(BBC) The Trump administration has announced the US will cancel permits allowing nearly 200,000 people from El Salvador to live and work in the country.
The humanitarian programme, Temporary Protected Status (TPS), was granted after a series of earthquakes rocked the Central American country in 2001.
Salvadoreans now have until 2019 to leave otherwise they face deportation.
The Trump administration has already removed TPS protections from tens of thousands of Haitians and Nicaraguans.
Protections for Salvadoreans were set to expire on Monday, after nearly two decades of holding the protected status due to the impacts of natural disaster in their home country.
The Department of Homeland Security plans to allow Salvadoreans until 9 September, 2019 to leave the US or find a legal way to remain in the country.
The protections will not be terminated for another 18 months “to allow for an orderly transition”, the Department of Homeland Security said in a statement announcing the decision on Monday.
“The original conditions caused by the 2001 earthquakes no longer exist,” the agency said.
“Thus, under the applicable statute, the current TPS designation must be terminated.”

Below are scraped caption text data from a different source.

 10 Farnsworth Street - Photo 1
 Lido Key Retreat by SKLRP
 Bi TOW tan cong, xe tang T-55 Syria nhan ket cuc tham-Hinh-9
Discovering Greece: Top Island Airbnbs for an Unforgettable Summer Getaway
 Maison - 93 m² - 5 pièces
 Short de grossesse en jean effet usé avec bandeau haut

What is Temporary Protected Status?
The programme, which was created in 1990, authorises immigrants from several countries to lawfully live and work in the US regardless of whether they entered the country legally or not.
It is only granted to countries affected by armed conflict, environmental disaster, or epidemics.

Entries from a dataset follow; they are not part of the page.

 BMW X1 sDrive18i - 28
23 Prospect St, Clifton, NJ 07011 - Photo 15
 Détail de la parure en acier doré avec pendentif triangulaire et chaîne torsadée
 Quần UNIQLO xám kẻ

With nearly 200,000 immigrants in the US, El Salvador represents the largest group of TPS recipients.
Ten countries, making up over 300,000 US immigrants, have been granted TPS protections since it was first signed into law by President George Bush.

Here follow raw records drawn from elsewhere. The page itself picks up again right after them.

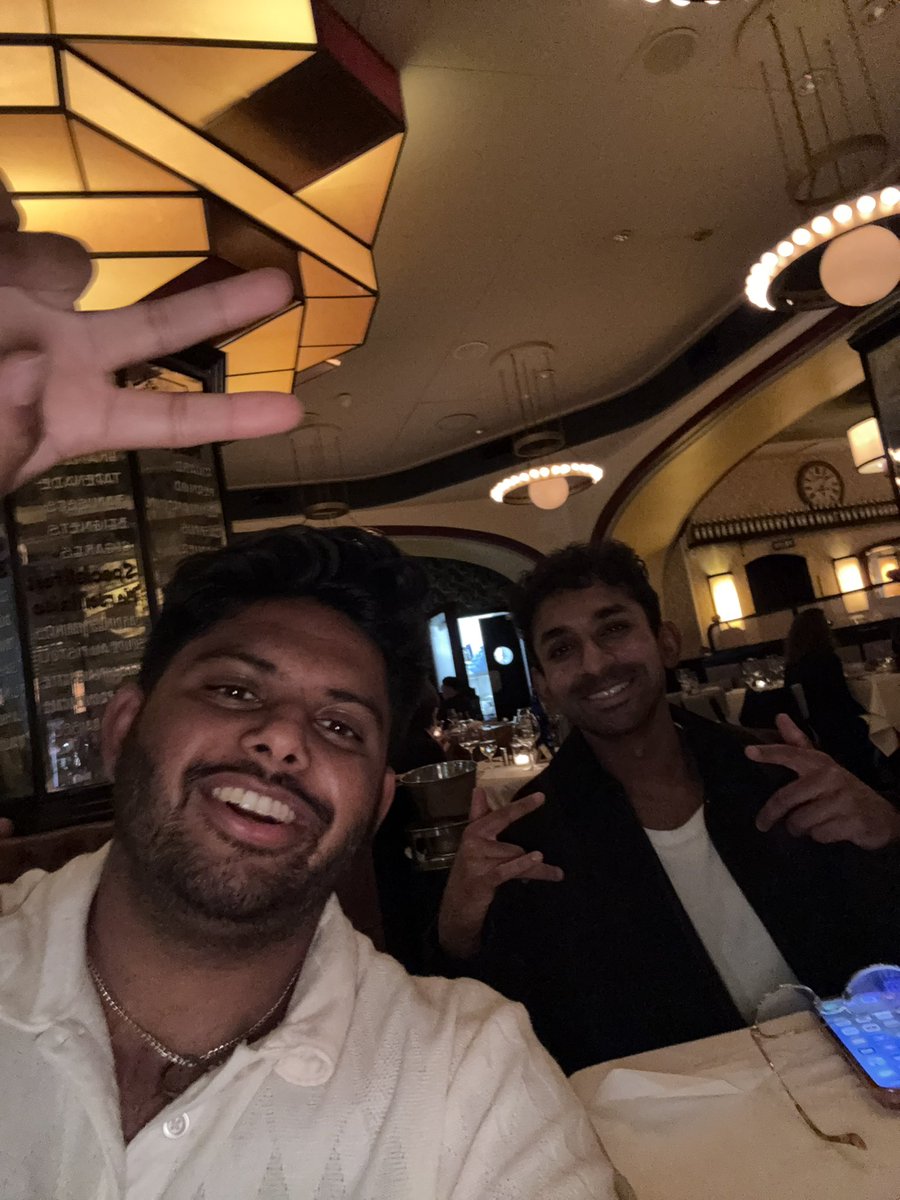 jayvraavi's tweet photo. ny app week ft. friends :D https://t.co/r0pnTgoC3K
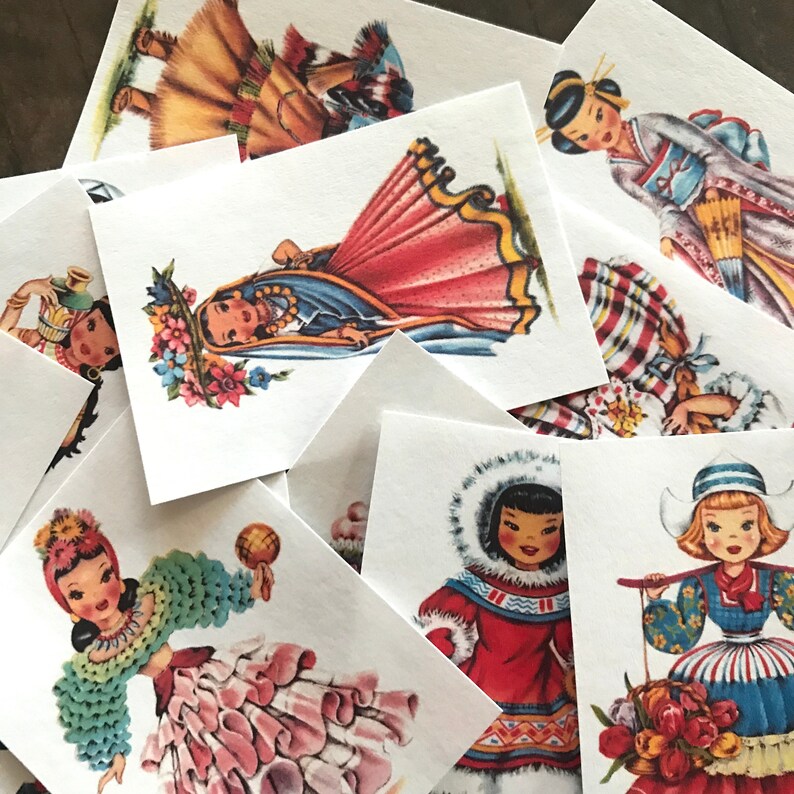 Peut inclure: Une collection de poup&eacute;es en papier vintage avec des robes et des accessoires color&eacute;s. Les poup&eacute;es sont habill&eacute;es dans diff&eacute;rents styles, dont une robe rouge et blanche, une robe bleue et blanche et une robe jaune et brune. Les poup&eacute;es sont toutes d&eacute;coup&eacute;es et pr&ecirc;tes &agrave; &ecirc;tre jou&eacute;es.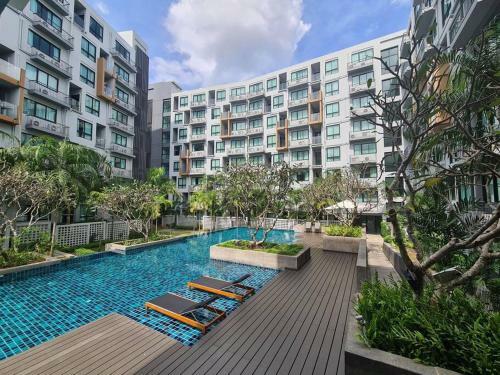 Apartamento 2br Service Condo In Sriracha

Salvadoreans received TPS in March 2001 after two earthquakes killed more than 1,000 people and devastated communities.
Over the next 15 years, the programme was reauthorised by US presidents several times.
What has the reaction been in El Salvador?
The Salvadorean government has been lobbying the US to extend protections for people from their country living in the US.
El Salvador Foreign Minister Hugo Martinez said last week that ending TPS “would mean breaking up families that are in the United States”.
He noted that due to the US practice of granted citizenship to babies born inside the United States, there are now nearly 200,000 US citizens who were born to parents who now may face deportation.
Consulates in the US are offering advice to Salvadoreans, and the foreign minister has scheduled a press conference in San Salvador later today.